● Source data
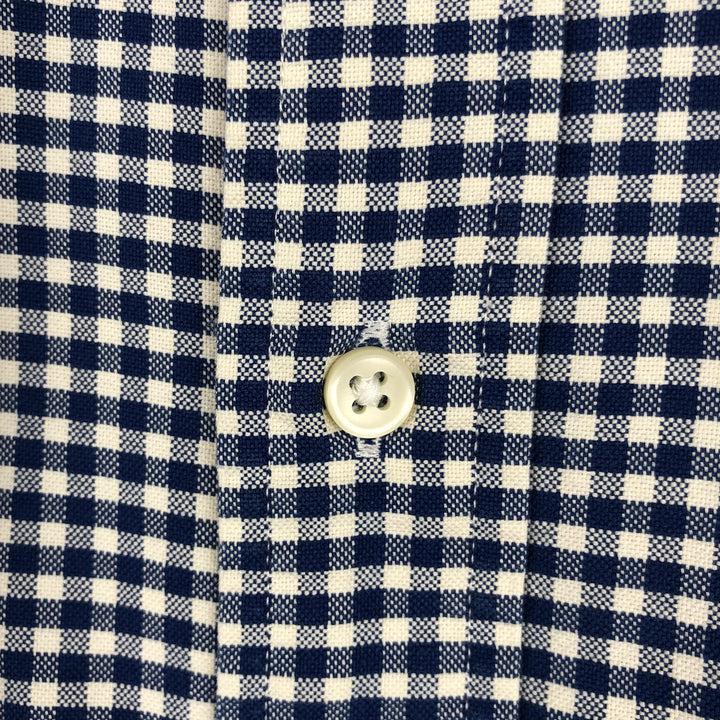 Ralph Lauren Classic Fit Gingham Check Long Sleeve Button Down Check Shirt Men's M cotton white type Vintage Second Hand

--

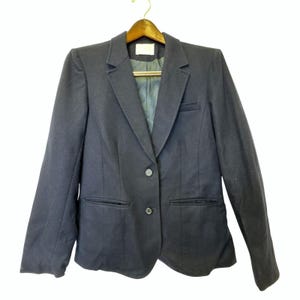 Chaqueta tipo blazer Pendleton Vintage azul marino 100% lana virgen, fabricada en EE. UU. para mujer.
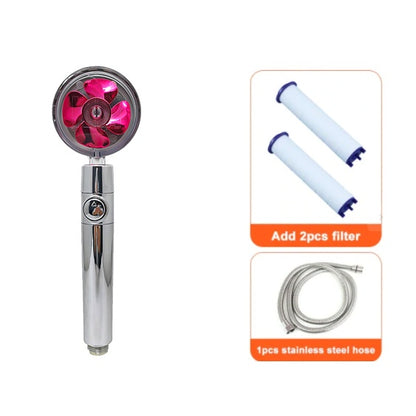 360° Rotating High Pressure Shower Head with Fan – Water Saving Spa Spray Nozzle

...

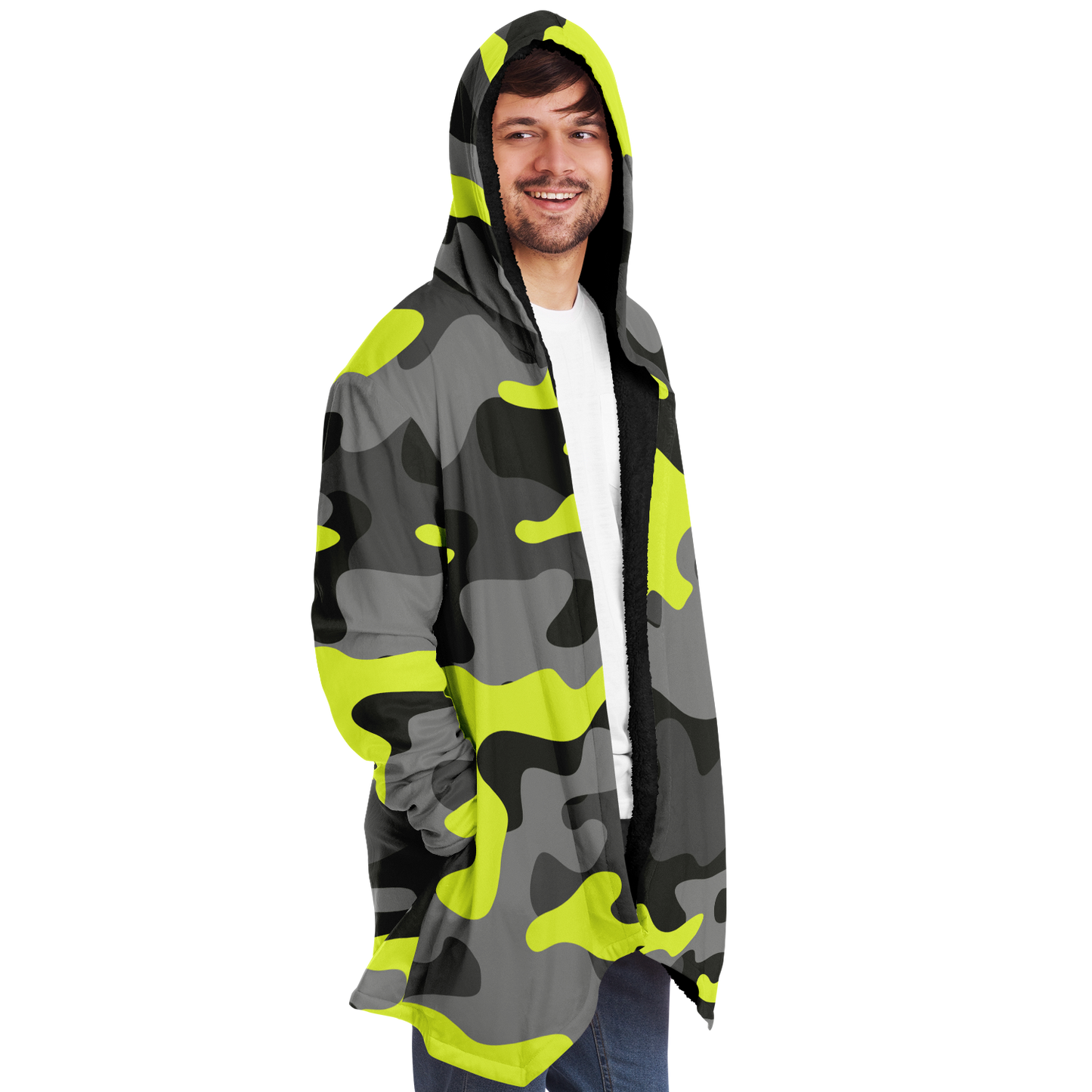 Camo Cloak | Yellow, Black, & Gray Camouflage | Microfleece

● Work task
Transcribe, word for word, the lines of the listing above from the one that contains "Chaqueta tipo blazer" through the one that contains "360° Rotating High", keeping both ends and dropping the pictures.

● Answer to the exercise
 Chaqueta tipo blazer Pendleton Vintage azul marino 100% lana virgen, fabricada en EE. UU. para mujer.
 360° Rotating High Pressure Shower Head with Fan – Water Saving Spa Spray Nozzle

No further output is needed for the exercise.